Конечно, Копенкин — фантом, все человеческие чувства и мысли выжжены в нем бредовой идеей. Нагульнов — более реалистический персонаж, он вынужден жить среди живых людей и свою, сжигающую его, как и Копенкина, бредятину он должен сдерживать в себе. Но вот избил Нагульнов Банника, вытребовал у него расписку, в которой тот написал под диктовку: «Я, бывший активный белогвардеец… беру обратно свои слова, невозможно оскорбительные для ВКП(б)… и Советской власти, прошу прощения перед ними и обязываюсь впредь, хотя я и есть скрытая контра… но Советской власти… я вредить не буду…» — и счастлив этой своей победой, и снятся после нее Нагульнову идущие по степи эскадроны. И не может понять Нагульнов ни возмущения Разметнова, ни осуждения Давыдова.

«— Обдумал? — спрашивает у него Давыдов.

— Обдумал! — отвечает Нагульнов. — Мало я ему, сукину сыну, вложил. Убить бы надо!»

Запах мертвечины, которым несет и от Давыдова, и от Нагульнова, очень хорошо чувствует Лушка, побывавшая женой одного и любовницей другого.

«— У вас кровя заржавели от делов…» — скажет она Давыдову.

И от Нагульнова, и от Давыдова уходит она к сыну кулака Тимофею Рваному, уходит, потому что он — живой. В любовном соперничестве за Лушку оба раза Тимофей выходит победителем. И хотя и Нагульнов, и Давыдов не признаются себе в этом, жестоко страдают они от любовного поражения. Нагульнов, стиснув зубы, принимается за изучение английского языка, который потребуется ему для его вечной возлюбленной — мировой революции, а Давыдов уезжает на пахоту, в тяжелой непривычной работе пытается одолеть тоску. Давыдов так никогда и не узнает, что Лушка как бы по его указанию получает у колхозного кладовщика продукты и кормит этим колхозным добром сбежавшего из ссылки Тимофея Рваного.

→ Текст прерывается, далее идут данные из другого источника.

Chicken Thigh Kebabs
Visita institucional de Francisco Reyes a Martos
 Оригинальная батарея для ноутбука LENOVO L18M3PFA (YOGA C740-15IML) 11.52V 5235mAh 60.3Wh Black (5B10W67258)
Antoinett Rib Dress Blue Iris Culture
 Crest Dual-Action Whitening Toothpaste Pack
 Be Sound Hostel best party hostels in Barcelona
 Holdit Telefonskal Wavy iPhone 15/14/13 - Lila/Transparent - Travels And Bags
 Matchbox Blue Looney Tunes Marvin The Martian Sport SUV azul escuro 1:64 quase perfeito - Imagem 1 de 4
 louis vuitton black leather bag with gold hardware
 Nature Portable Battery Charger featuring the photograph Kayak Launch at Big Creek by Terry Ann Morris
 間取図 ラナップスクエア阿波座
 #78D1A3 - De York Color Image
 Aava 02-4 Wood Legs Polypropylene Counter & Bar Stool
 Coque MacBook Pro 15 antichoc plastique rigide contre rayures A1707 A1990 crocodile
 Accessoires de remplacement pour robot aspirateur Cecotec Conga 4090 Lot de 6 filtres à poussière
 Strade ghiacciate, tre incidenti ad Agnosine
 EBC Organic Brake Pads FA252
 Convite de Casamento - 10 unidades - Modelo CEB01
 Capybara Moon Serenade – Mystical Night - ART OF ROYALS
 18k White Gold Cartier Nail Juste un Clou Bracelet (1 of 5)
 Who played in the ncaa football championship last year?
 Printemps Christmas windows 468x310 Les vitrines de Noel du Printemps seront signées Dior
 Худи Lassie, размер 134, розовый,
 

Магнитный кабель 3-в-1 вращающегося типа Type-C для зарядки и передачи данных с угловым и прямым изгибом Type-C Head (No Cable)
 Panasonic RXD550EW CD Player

Тимофея Рваного выследил и убил Макар Нагульнов. Убил не за Лушку, а все за ту же нежно любимую им мировую революцию. Он, во всяком случае, так думал, когда убивал.

Сцена убийства Тимофея Рваного чрезвычайно важна и сюжет-но, и для идеи всего романа в целом. Но еще существеннее, каким видит Нагульнов своего убитого соперника…

«Умолкший после выстрела коростель снова заскрипел, несмело и с перерывами. Стремительно приближался рассвет. Росла, ширилась багряная полоска на восточной окраине темно-синего неба. Уже приметно вырисовывались купы заречных верб. Макар встал, подошел к Тимофею. Тот лежал на спине, далеко откинув правую руку. Застывшие, но еще не потерявшие живого блеска глаза его были широко раскрыты. Они, эти мертвые глаза, словно в восхищенном и безмолвном изумлении любовались и гаснущими неясными звездами, и тающим в зените опаловым облачком, лишь слегка посеребренным снизу, и всем безбрежным небесным простором, закрытым прозрачной, легчайшей дымкой тумана».

Тимофей и после смерти жадно вбирает в себя красоту земли. И в этом смысле, и после смерти он более живой, чем живой Нагульнов.

И дальше одна из самых гениальных страниц романа. Диалог живого и мертвого соперников.

«Макар носком сапога коснулся убитого, тихо спросил:

— Ну что, отгулялся, вражина?

Он и мертвый был красив, этот бабий баловень и любимец. На нетронутый загаром, чистый и белый лоб упала темная прядь волос, полное лицо еще не успело утратить легкой розовинки, вздернутая верхняя губа, опушенная мягкими черными усами, немного приподнялась, обнажив влажные зубы, и легкая тень удивленной улыбки запряталась в цветущих губах…

Ни недавней злобы, ни удовлетворения, ничего, кроме гнетущей усталости, не испытывал теперь Макар, спокойно разглядывая убитого».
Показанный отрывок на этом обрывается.